Brief: Every line from the start of the records through the line with "sv. boja Zastavica" is to be written out exactly; pictures are not.

Stored data entries:
◆ ◆ ◆ ◆
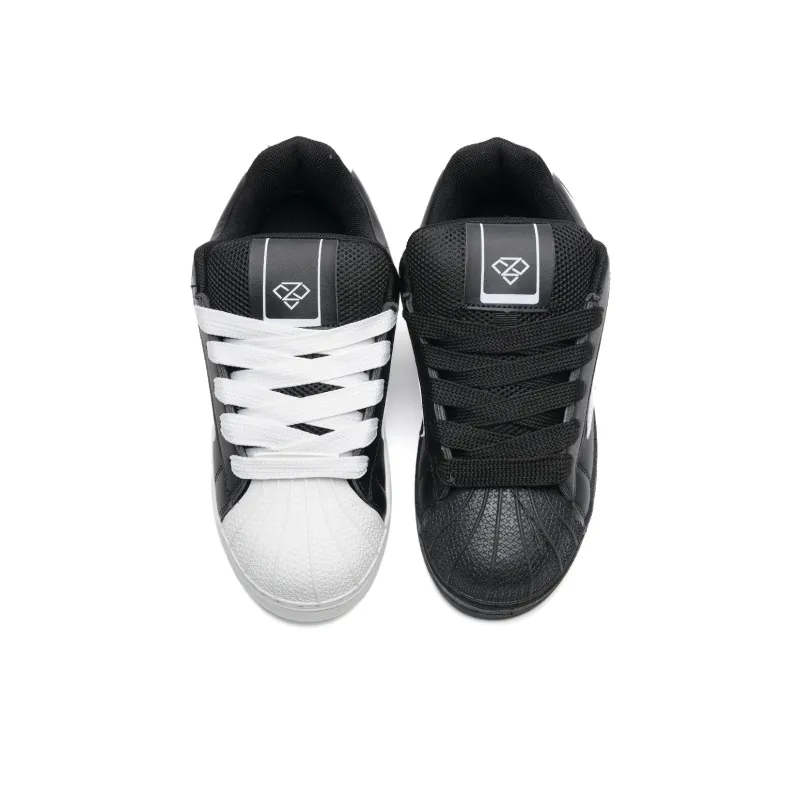 OAOQ Wear-resistant And Lightweight Low-Top Skateboard Shoes Unisex Box-34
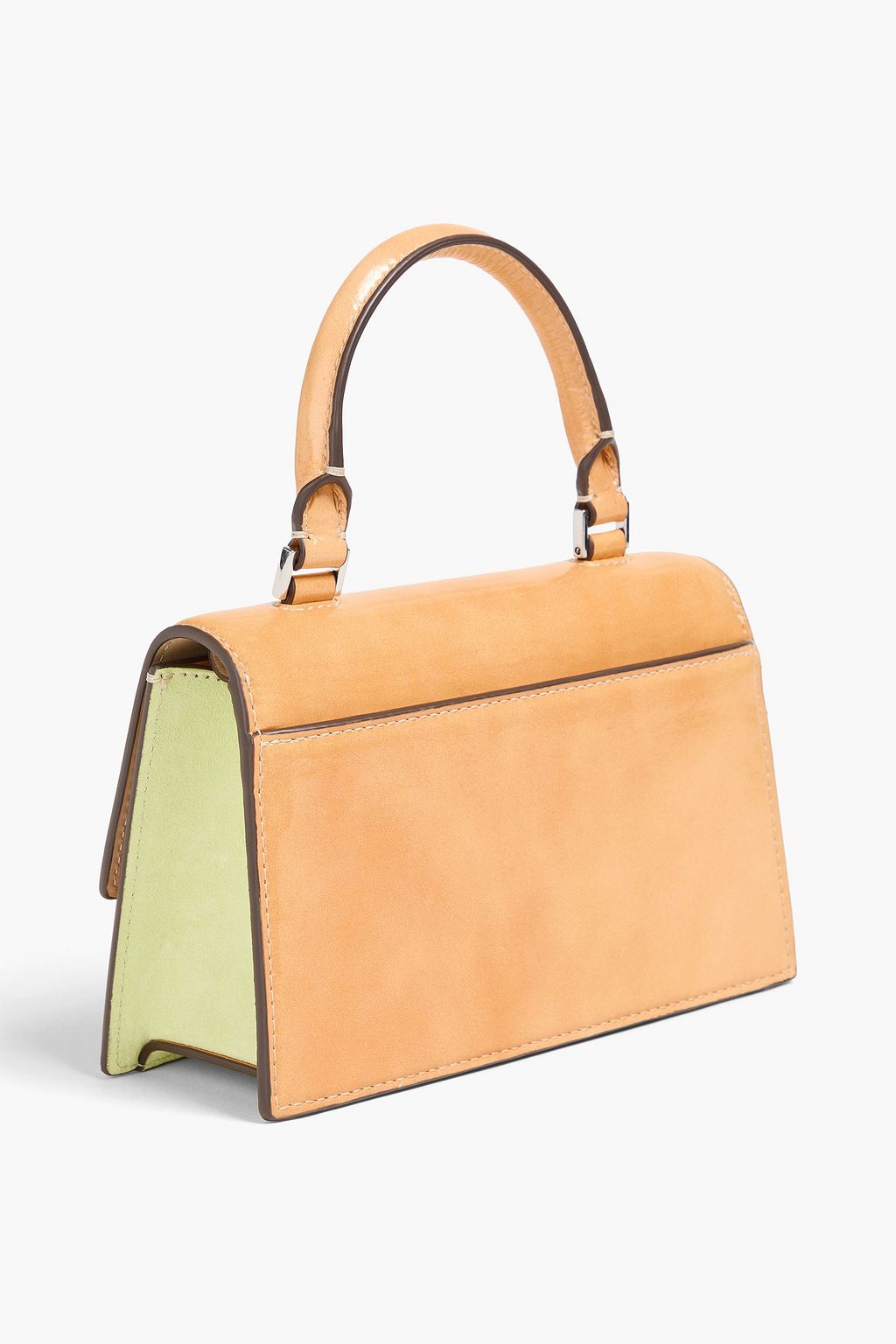 TORY BURCH Bon Bon two-tone patent-leather tote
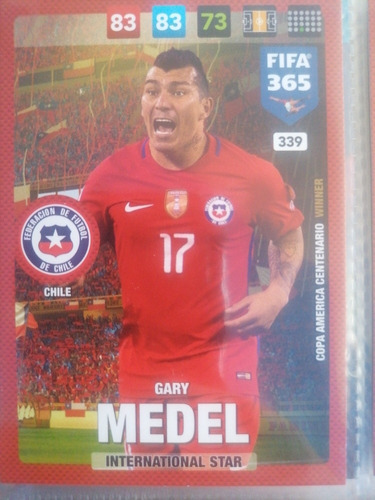 Carta Adrenalyn Fifa 365 2017 - Gary Medel Chile 339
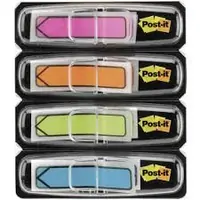 Zastavica 43,1x11,9mm 4x24 lis. film poluprozirni Post-it 3M Strelica 4 sv. boja Zastavica 43,1x11,9mm 4x24 lis. film poluprozirni Post-it 3M Strelica 4 sv. boja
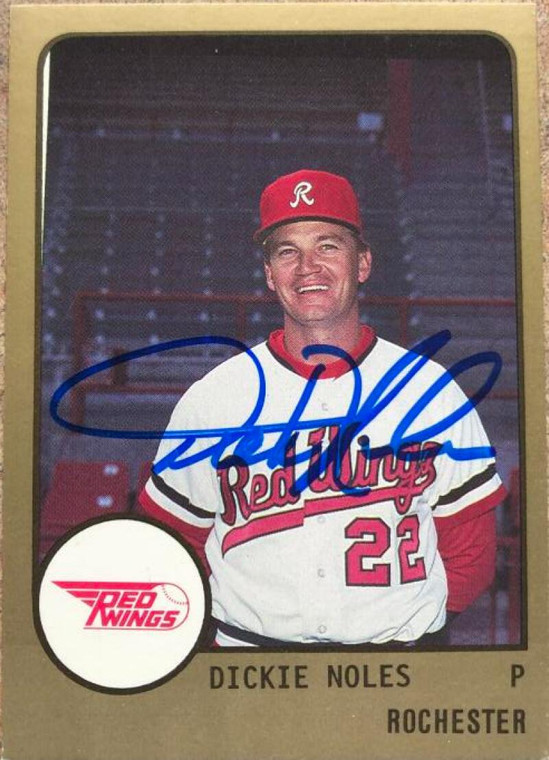 Dickie Noles Autographed 1988 Pro Cards #219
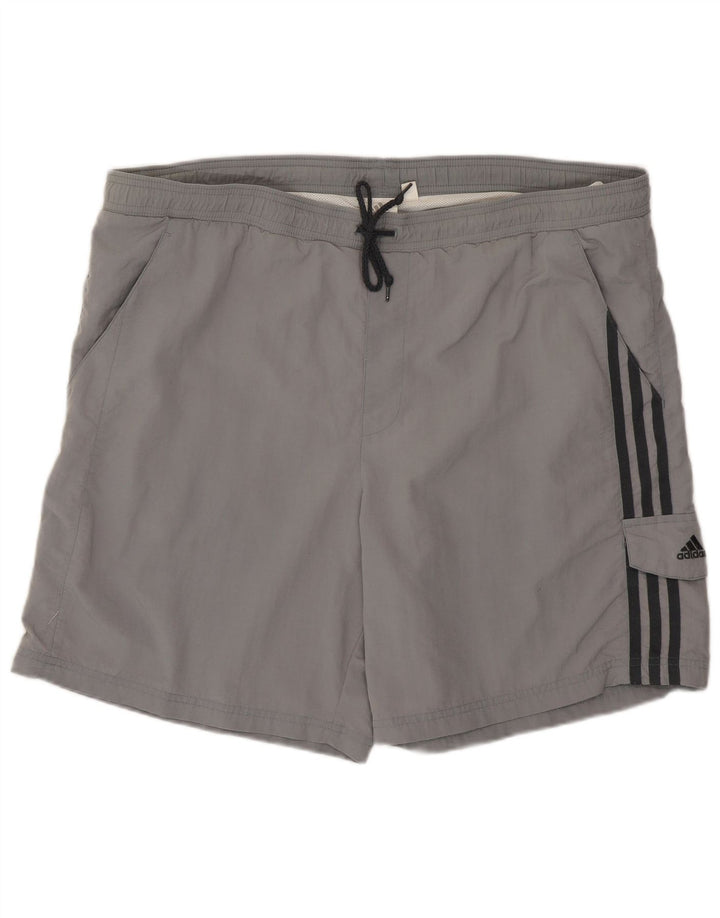 Pantaloncini da bagno da uomo Adidas Large grigi in poliammide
◆ ◆ ◆ ◆
Solved problem:
 OAOQ Wear-resistant And Lightweight Low-Top Skateboard Shoes Unisex Box-34
 TORY BURCH Bon Bon two-tone patent-leather tote
 Carta Adrenalyn Fifa 365 2017 - Gary Medel Chile 339
 Zastavica 43,1x11,9mm 4x24 lis. film poluprozirni Post-it 3M Strelica 4 sv. boja Zastavica 43,1x11,9mm 4x24 lis. film poluprozirni Post-it 3M Strelica 4 sv. boja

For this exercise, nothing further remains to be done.